Each behavior is the sequence of nodes encountered while traversing this CFG from a root to a leaf. Of course, a CFG might contain loops which could be traversed multiple times before arriving at the leaf. Moreover, if there are multiple CFGs, then Absynthe can synthesize interleaved behaviors. This means that a single sequence of nodes might contain nodes from multiple CFGs. We are ultimately interested in this interleaving behavior, which is produced by multiple CFGs.

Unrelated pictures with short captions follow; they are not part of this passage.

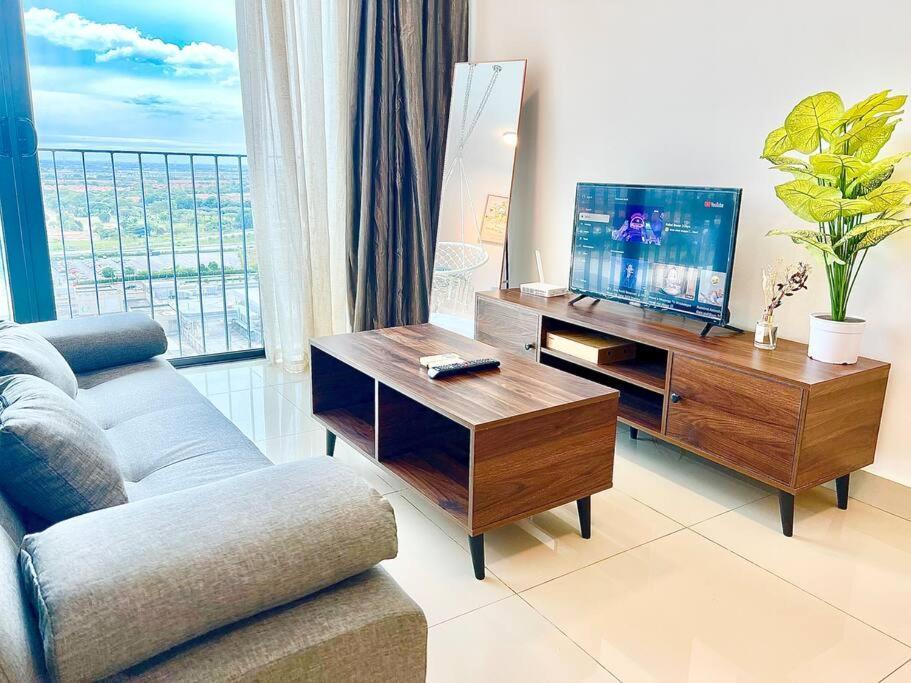 G 1-5Pax Cozy Home Trefoil Setia Alam 100Mps Wifi & Tv Sccc Exterior foto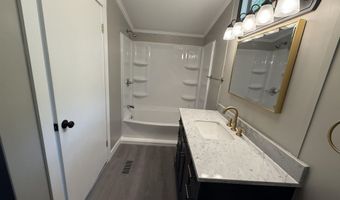 21 Valley Dr, Belmont, NH 03220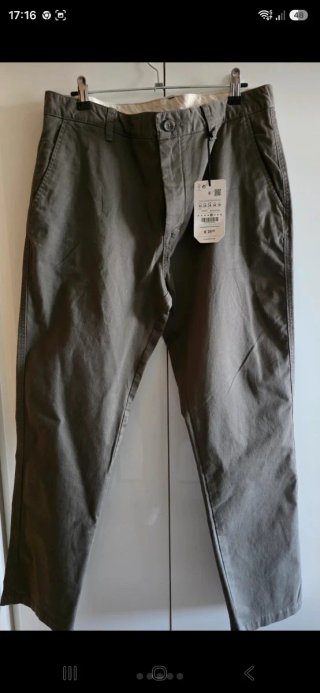 Chino sin estrenar de Pull&Bear T. 44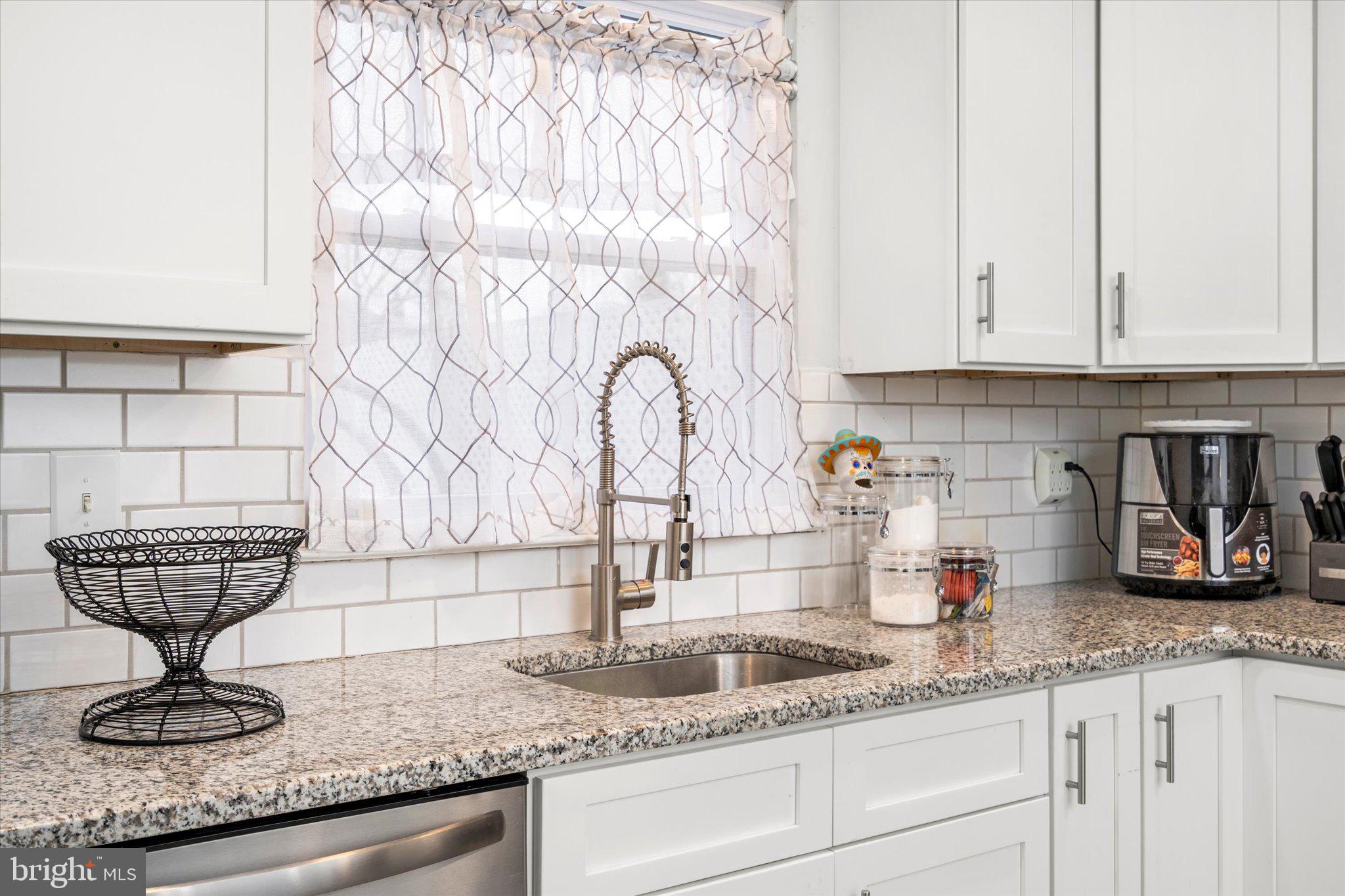507 Heulings Avenue Riverside, NJ 08075 - Photo 6 of 30 Kitchen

The above screenshot shows logs generated by Absynthe. Each log line starts with a time stamp, followed by a session ID, CFG ID, and a log message. At present, the log message is simply a random concatenation of the node ID to which the log message corresponds. A single CFG might participate in multiple sessions, where each session is a different traversal of the CFG. Therefore, we maintain both session ID and CFG ID in the log line.

Directed Cyclic CFG

An example of a more complex CFG, a directed cyclic graph, is shown in the figure below. It expands the tree-like graph illustrated above by:

  1. attaching loops on some of the nodes,
  2. constructing skip-level edges, i.e. edges from a node at level i to a node at level ≥(i + 2), and
  3. optionally, upward edges (not shown here), i.e. edges from a node at level i to a node at level ≤(i - 1).

The identifiers of nodes appearing loops are helpfully prefixed with the identifiers of nodes where these loops start and finish. Moreover, loops could be traversed multiple times in a single behavior, as illustrated in the figure below.

Installation

This package has been developed with Python 3.6.* and depends on scipy 1.2.1. Things might not work with Python 3.7.* or scipy 1.3.*. Therefore, consider creating a virtual environment if your default configuration differs.

The latest release is available on PyPi, simply pip install absynthe. The master branch of this repository will always provide the latest release.

For the latest features not yet released, clone or download the develop branch and then:

# Change dir to absynthe
cd /path/to/absynthe

# Install dependencies
pip install -r requirements.txt

# Install absynthe
pip install .

Usage

It is possible to start using Absynthe with two classes:

  1. any concrete implementation of the abstract GraphBuilder class, which generates CFGs, and
  2. any concrete implementation of the abstract Behavior class, which traverses the CFGs generated above and emits log messages.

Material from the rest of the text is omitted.